Trust the inborn time table for the leaders in your
homes.
The third suggestion is what I consider to be one of
the most important needs of a scholar and especially a
youth scholar. This is the need to articulate what they
are thinking, feeling, and discovering about themselves
and the world because of their studies. In our home
this takes different forms three of which are scheduled
mentor meetings, spontaneous discussion or tutorials
and daily, written study reports. The meetings,
discussions and reports vary in length and content but
very often include a classic they are working on, a
relationship, or a habit they are wanting to develop.
My role as parent mentor is to listen, support, affirm
their efforts, and to assist them in anyway they may
want me to. In fact the most effective questions I ask
are “How’s it going?” and “How can I help?” When I
am in this place and avoid judgment my children open
up and begin to really work on what they need to work
on. Surprisingly, they have not once told me that I can
help by telling them what to do or how to do it. Rather
they will ask for my assistance in things like getting
certain books, in having more time to talk, or in daily
follow-up on a habit they are trying to establish.
I follow their lead in this and try to meet them where
they are. My daughter created the daily reporting
system she and I use. She puts her daily report in a box
she decorated months ago and that sits on my dresser.
I reciprocate with a written response that I place in her
“mail box.” She enjoys the idea of communicating her
ideas through writing and our letters back and forth
will be cherished as keepsakes in years to come.
The need to talk is not always an easy one to meet with
our adult busy lives and schedules, but it is essential
to the growth of our children—especially our scholar
children. When my daughter was ten, she brought to
me a passage from Louisa May Alcott’s book Eight
Cousins which she had been reading. She told me I
needed to read it. What my daughter taught me then
and what Alcott was also teaching is of the importance
of maintaining an open communication with our
children.
Fathers and mothers are too absorbed in business
and housekeeping to study their children and
cherish that sweet and natural confidence which
is a child’s surest safeguard and a parent’s subtlest
power. So the young hearts hide trouble or
temptation till the harm is done and mutual regret
comes too late. Happy the boys and girls who tell
all things freely to father or mother, sure of pity,
help, and pardon; and thrice happy the parents
who, out of their own experience and by their own
virtues, teach and uplift the souls for which they
are responsible.
(Eight Cousins, p. 206)
The need to articulate what’s going on inside is not
always evident. Some children have the ability to talk
incessantly while another may say or write very little.

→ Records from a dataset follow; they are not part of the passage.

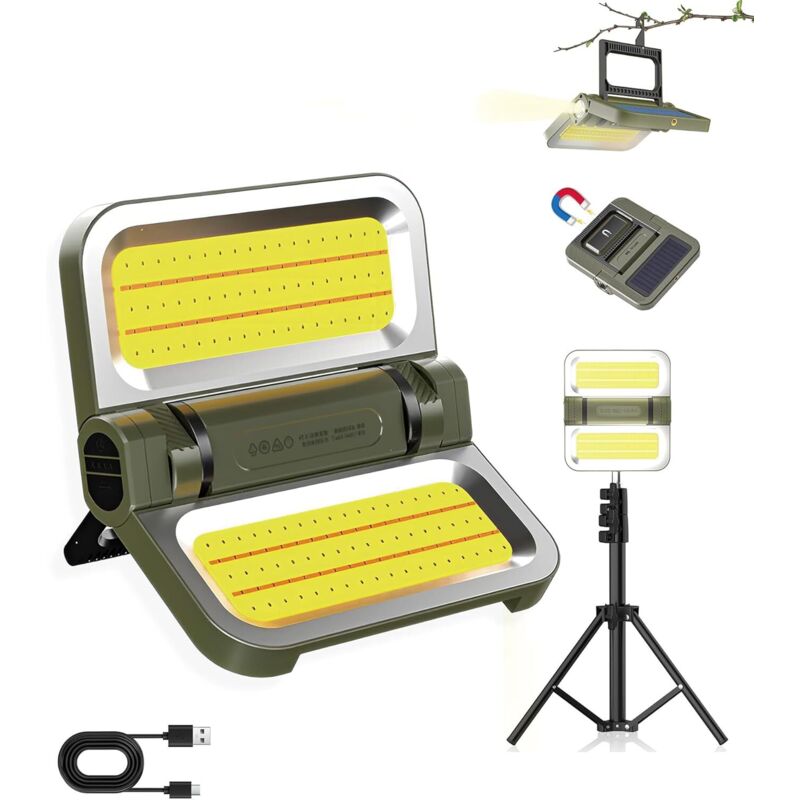 Image of 2400LM Camping Lantern - Rechargeable Camping&hellip;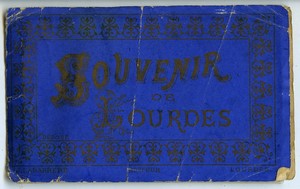 France Lourdes Leporello Concertina Souvenir Album 1900 #4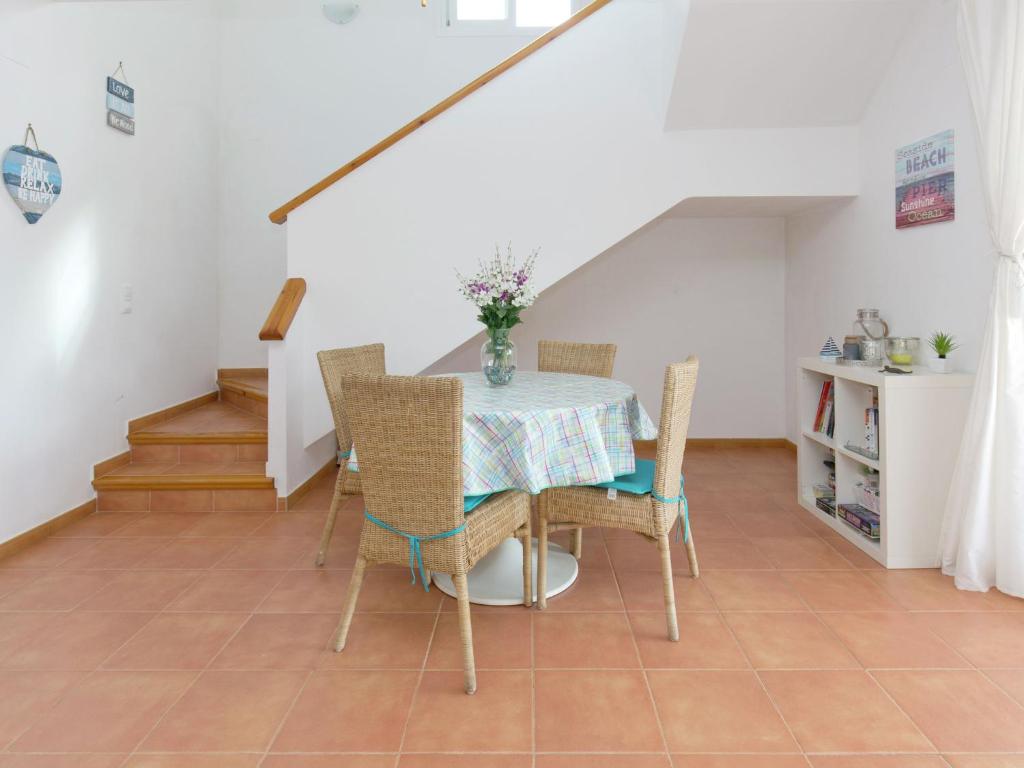Posedenie v ubytovaní Villa with private pool in Moraira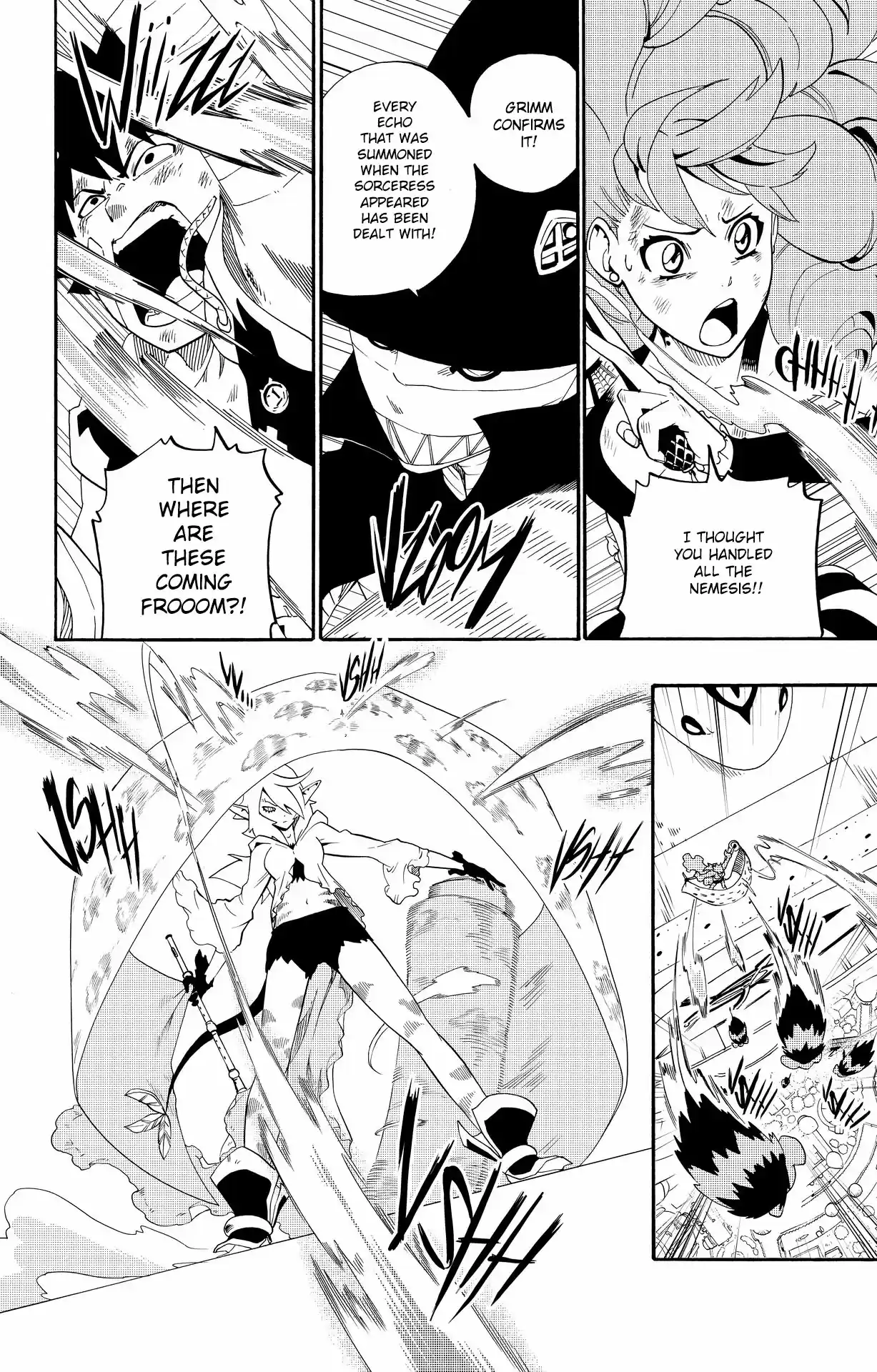 Radiant Vol. 3 Ch. 20 A Coffin for Doc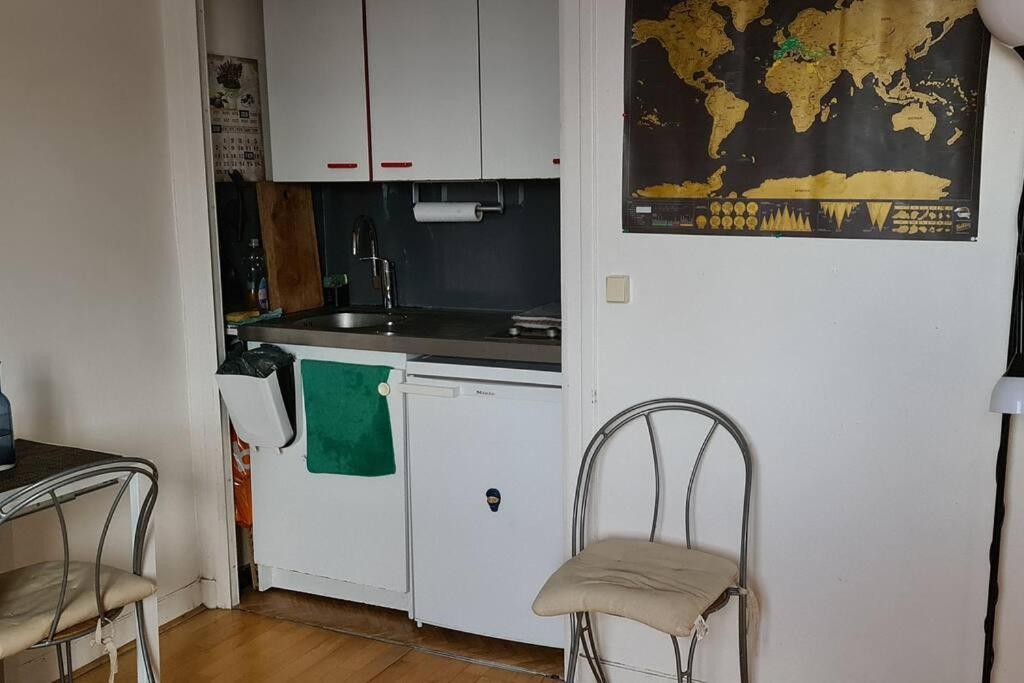 Cosy Studio In The Heart Of Paris / Marais Exterior foto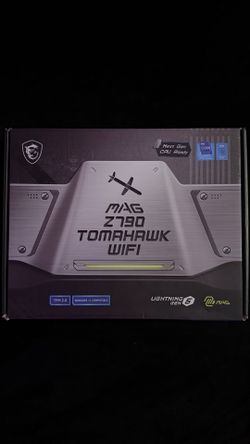 (NEVER USED) MSI MAG Z790 Tomahawk WiFi Gaming Motherboard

I have both extremes in my two scholar children. My
son is a young man of few words, but deep insight. My
daughter is pleasantly long-winded and loves to talk.

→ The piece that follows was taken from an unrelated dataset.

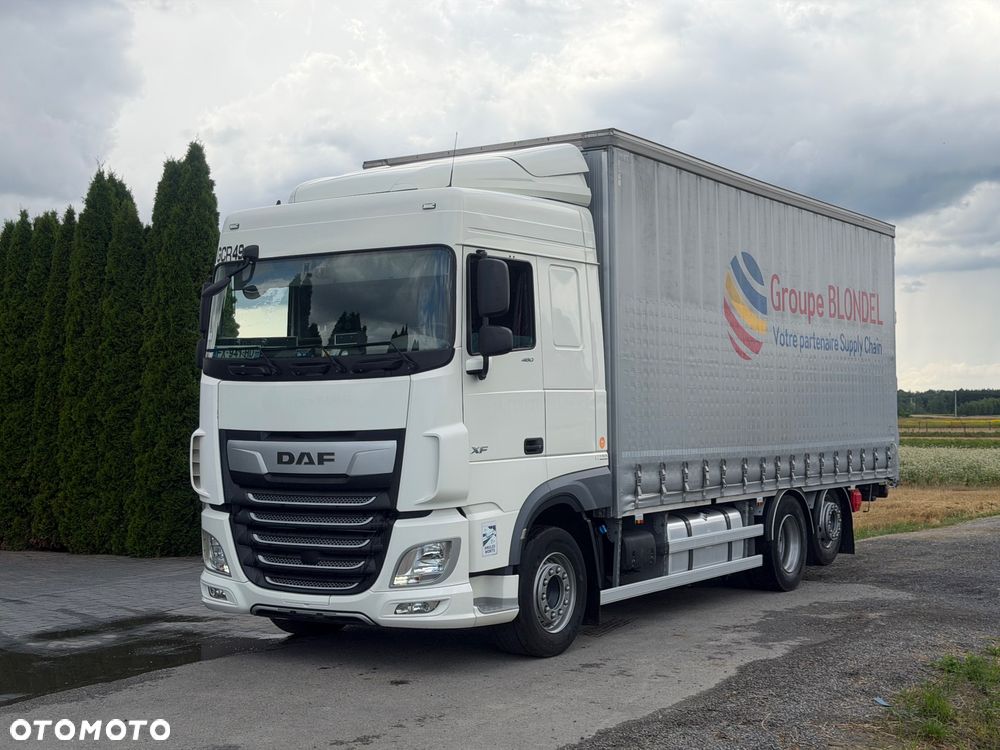 DAF XF 480 6x2 // Klima Postojowa // Lodówka - 1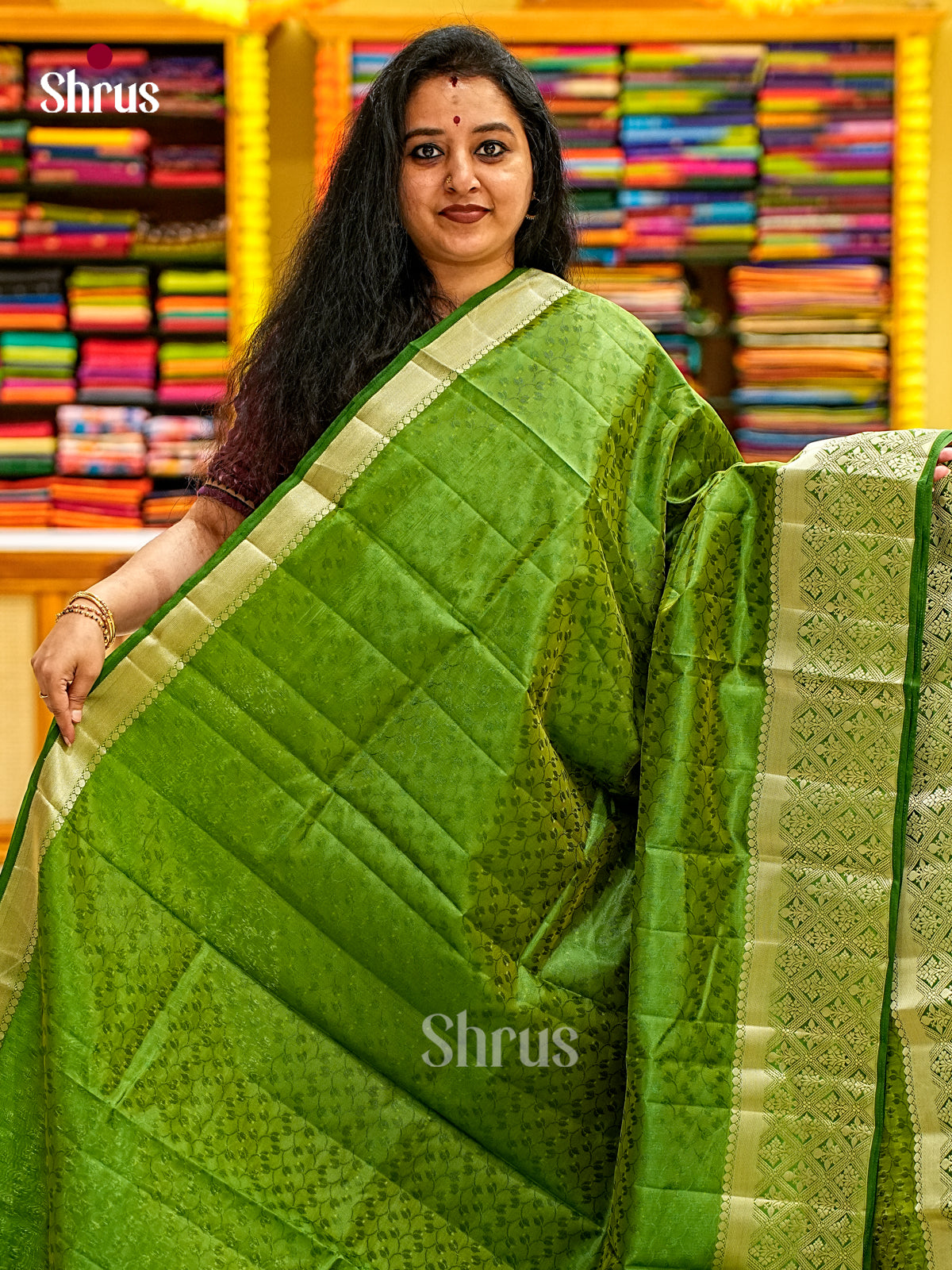 Semi Rawsilk Saree - EI21217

Their different personalities require that I approach
our discussions and written reports in different ways.
With my son I have had to get around his comfortably
short and general answers and reports. One thing that
has helped is suggesting that he choose a quote from
the book he is reading and copy it into his daily report.

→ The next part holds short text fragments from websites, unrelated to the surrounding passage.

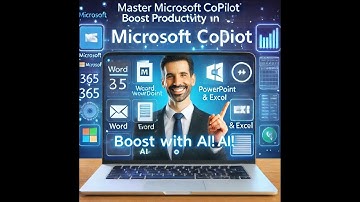 Master Microsoft Copilot: Boost Your Productivity in Word, PowerPoint & Excel!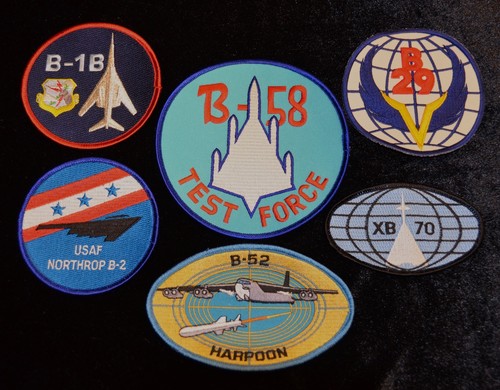 Usaf bomber patches - usaf,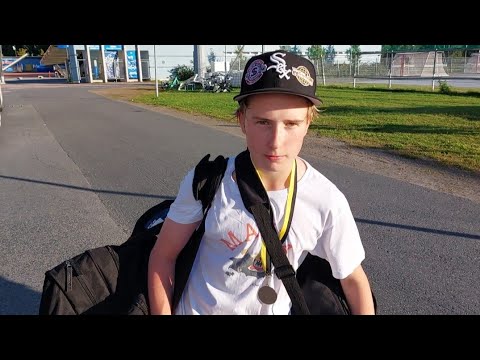 Kalpa U15 -08 Joel Tolvanen haastattelu Oulussa 28.8.2022.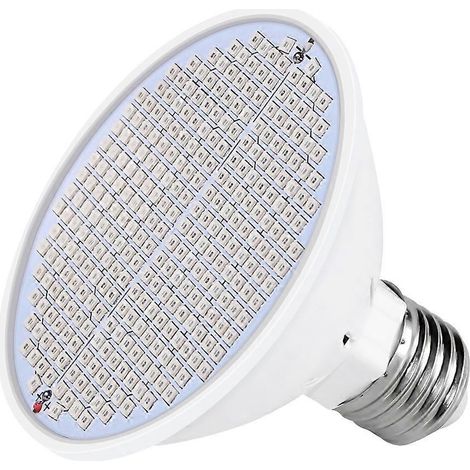 Lampe de croissance LED à spectre complet E27 300 LED pour plantes d'intérieur (1/5)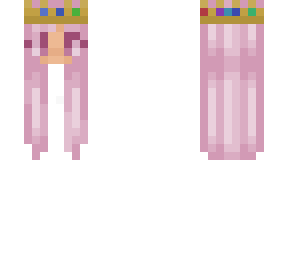 ~+technoblade will prevail+~ hb i made this skin in to an hb skin in dis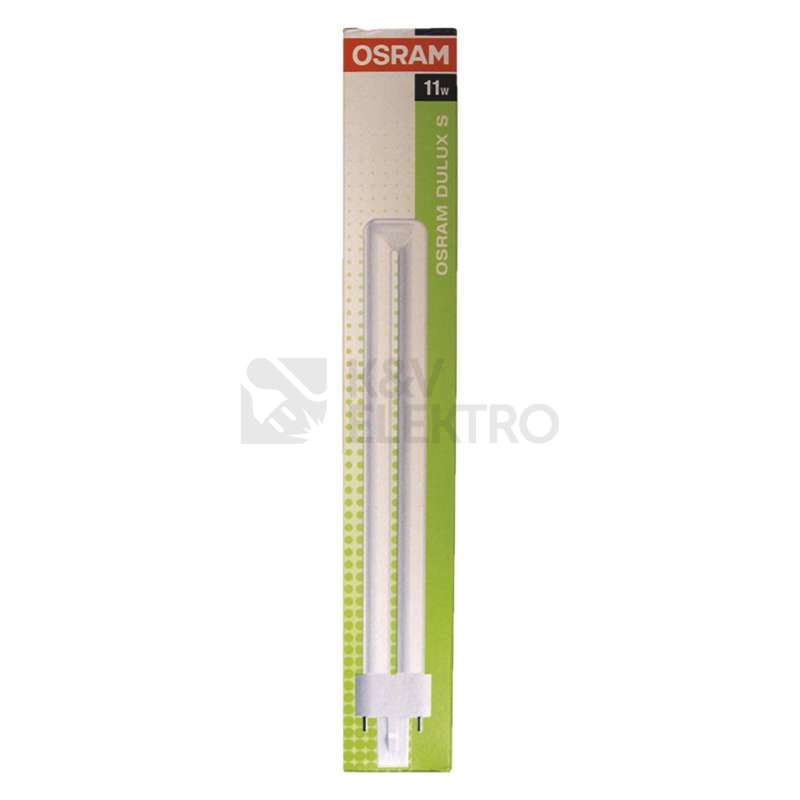 Obrázek produktu Úsporná zářivka OSRAM DULUX S 11W/840 G23 neutrální bílá 4000K 6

This at least gives me an idea of what he might be
thinking or gleaning from his reading. Recently he has
been reading L’Amour’s Sackett series. The quote he
wrote in his report was “Victim of change.” For some
reason this phrase caught his attention. It gave us the
opportunity to explore his understanding of the ideas
“victim” and “change” and to compare characters in
both the Sackett book and
Alas, Babylon.
To succeed a scholar needs to have a sounding person
who listens, asks thoughtful and searching questions,
and who does not judge or criticize. From this kind of
interaction comes a unique transmission that increases
and clarifies vision. Through articulating, questioning,
and searching together with a mentor the youth scholar
gradually comes to a vision of who he is, what his
gifts and strengths are and what his mission in this
world is. This transmission and increased vision are
possibly the most important purpose and outcome for
this kind of interaction.
There are “leaders in progress” living in your homes
and mine. They need our involvement in a way that
does not disturb their progress. What our young
scholars need is the space to grow and the opportunity
to develop self-leadership. They need uninterrupted
time to dig deeply into their studies. They need to be
nurtured in homes where the principles of leadership
education are in place. Most importantly they need
parent mentors who are modeling scholarship and
who are ready to listen and affirm them in their efforts
to get a leadership education.
My daughter depicted in a painting and poem what this
process is all about. The painting is of me reaching
my outstretched hand to meet hers and together we
are climbing the hill of greatness. On the back of
the painting she wrote: “I am climbing the Hill of
Greatness with you, and when I fall as I often do, you
pull me up and I carry on with you.”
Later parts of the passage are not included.